的 de = connecting particle
游走 yóuzǒu= 'rove'.
球 -qiú = 'ball'. Together, 'roving ball'.
|The Out-of-Control Roving-Ball|
|Traditional Chinese (Taiwan)|
|瘋 fēng = 'crazy'.
搏格 bógé = 'boge' (bo = 'wrestle, fight') = 'bludger'.
|The Crazy Boge|
|狂う kuruu = 'go crazy' (past tense).
ブラッジャー burajjā = 'bludger'.
|The Crazy Bludger|
|Vietnamese (Chinese characters show etymology)|
|Trái Bludger tai quái||trái
= counter used for fruit, shells, projectiles.
Bludger (pronunciation footnote: Blất-giơ).
tai quái = 'artful, crafty, sly'.
|The Sly Bludger|
|тэнэмэл tenmel = 'roaming, vagabond'.
бладжер bladjer = 'Bludger'.
|The Roaming Bludger|
|дүрсгүй dürsgüi = 'rude, outrageous, ill-mannered'.
бладжер bladjer = 'Bludger'.
|The Ill-mannered Bludger|
The rogue Bludger in the title refers to an out-of-character Bludger that seemed determined to knock Harry off his broom during a Quidditch match.
'Rogue' here means 'run-away' or 'out-of-control'. For example, a rogue elephant is a vicious elephant that separates from the herd and roams alone. Such an elephant is dangerously and unpredictably violent. Some of the translations appear to capture only some aspects of the meaning of 'rogue':
- The Mainland translation speaks of a Bludger that is out of control (失控 shīkòng, a word consisting of two morphemes: 失 shī 'lose' + 控 kòng 'control').
The Taiwanese translation uses 瘋 fēng = 'crazy'.
The Japanese translation uses the expression 狂った kurutta = 'crazy'. This is from the verb 狂う kuruu = 'go crazy'. At the end of a sentence this is used in the form 狂っている kurutte iru = 'be crazy' (ている -te iru indicates a state). In a clause modifying a noun (in this case ブラッジャー burajjā = 'bludger') it is put in the past tense as 狂った kurutta = 'crazy'.
The Vietnamese translation moves away from the English to suggest that the Bludger is artful, crafty, or sly (tai quái). While not totally accurate, this is reasonably appropriate to describe the behaviour of the Bludger.

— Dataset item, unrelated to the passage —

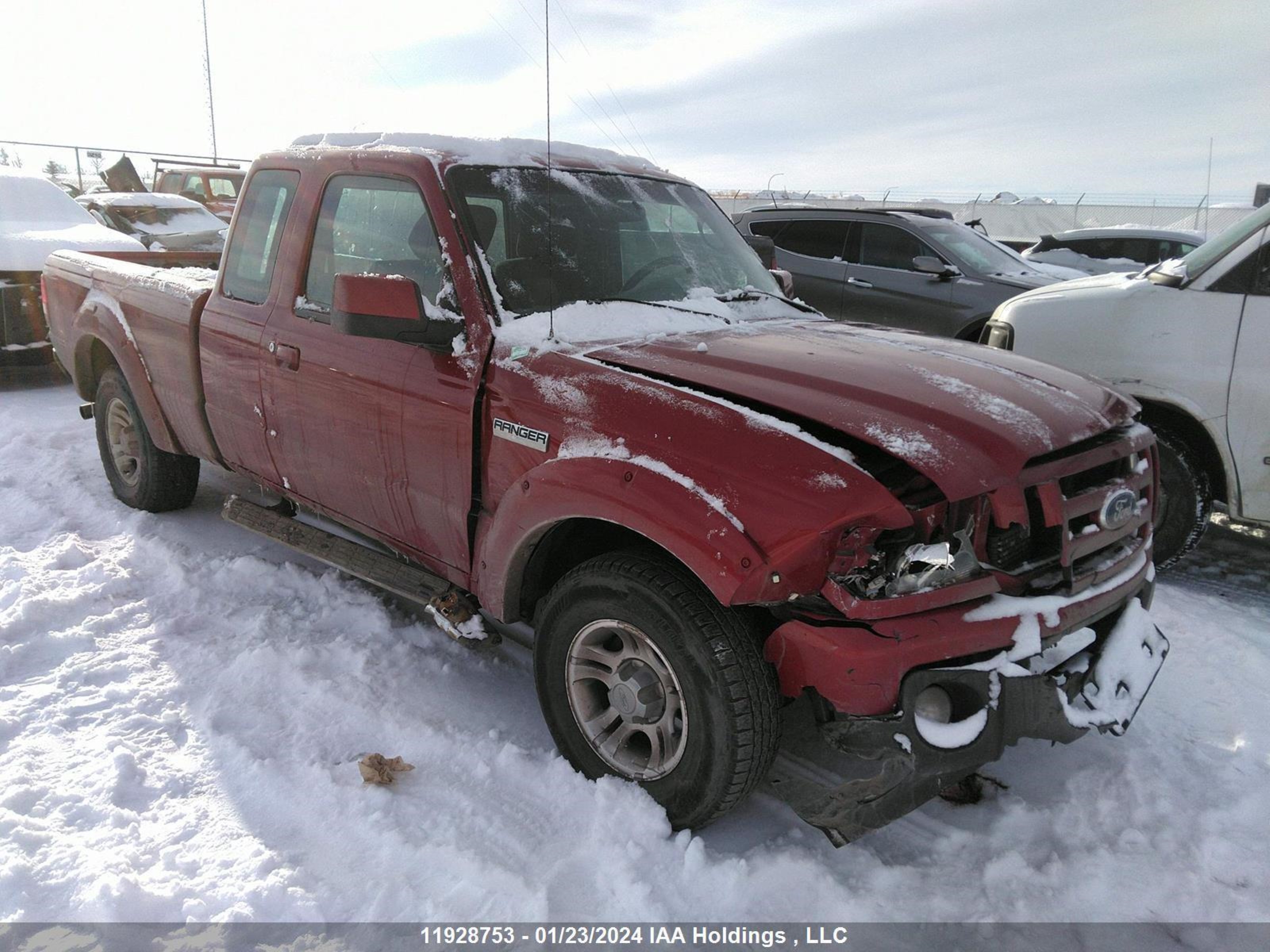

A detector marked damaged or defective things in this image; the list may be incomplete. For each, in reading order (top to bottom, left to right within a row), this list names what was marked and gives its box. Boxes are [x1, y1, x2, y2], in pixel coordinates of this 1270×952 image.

damaged red pickup truck [42, 132, 1168, 838]
crushed hood [591, 321, 1137, 498]
broken headlight assembly [838, 517, 984, 600]
crumpled front bumper [765, 597, 1168, 850]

In the previous Mongolian translation, the Bludger is described as being roaming or vagabond (тэнэмэл tenmel, from the verb тэнэх tenekh 'roam, loiter, be a vagabond').
In the new Mongolian translation, the word used is дүрсгүй dürsgüi, literally meaning 'shapeless, formless' (дүрс dürs 'shape' + гүй güi 'without') but having the further meaning of 'outrageous, ill-mannered, rude, ill-becoming'.
The Bludger is a kind of ball used in Quidditch. It is used to attack members of the opposing team.
- The Mainland Chinese version calls the Bludger a 'roving ball' (游走球 yóuzǒu-qiú), presumably because it roves around the field looking for targets.
The Taiwanese version coins the word 搏格 bógé. This is mainly phonetic in inspiration with a faint attempt to reflect the nature of the ball (搏 bó means 'wrestle, fight').
The Vietnamese uses the English without change, with a footnote in the original instalments indicating that it should be pronounced Blất-giơ.
The Japanese is a straightforward phonetic rendition. But be careful when you try to say this in Japanese. If you don't pronounce the double 'j' properly, you'll end up saying ブラジャー burajā, the Japanese word for 'bra' or 'brassiere'.
Both Mongolian translations also use a straightforward phonetic rendition бладжер bladjer.